Directions for this task -> Leave out the pictures, and copy exactly the lines from the line with "Décoration de bord" through the last line of the data below.

Source data ->

★ ★ ★ ★ ★

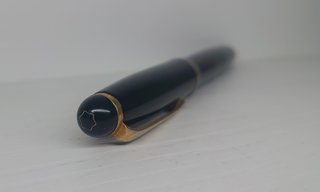 Pluma Montblanc Vintage Negra Original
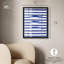 Décoration de bord de mer à trois poissons bleus par Art Remedy, cadre noir, 20 x 24-1352282950-1352282949
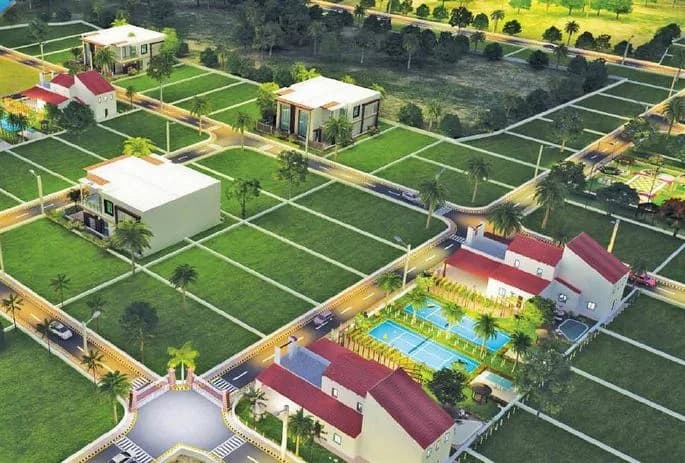 Arsalan Gomiti Green Farm House — Aerial View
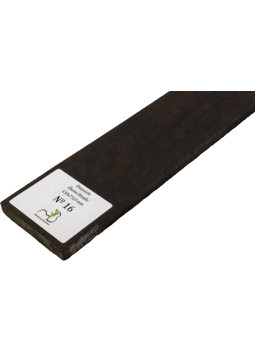 Touche en Ébène Ondé 530x75x9 mm MB Exclusive N°16 | Maderas Barber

★ ★ ★ ★ ★

Your solution ->
 Décoration de bord de mer à trois poissons bleus par Art Remedy, cadre noir, 20 x 24-1352282950-1352282949
 Arsalan Gomiti Green Farm House — Aerial View
 Touche en Ébène Ondé 530x75x9 mm MB Exclusive N°16 | Maderas Barber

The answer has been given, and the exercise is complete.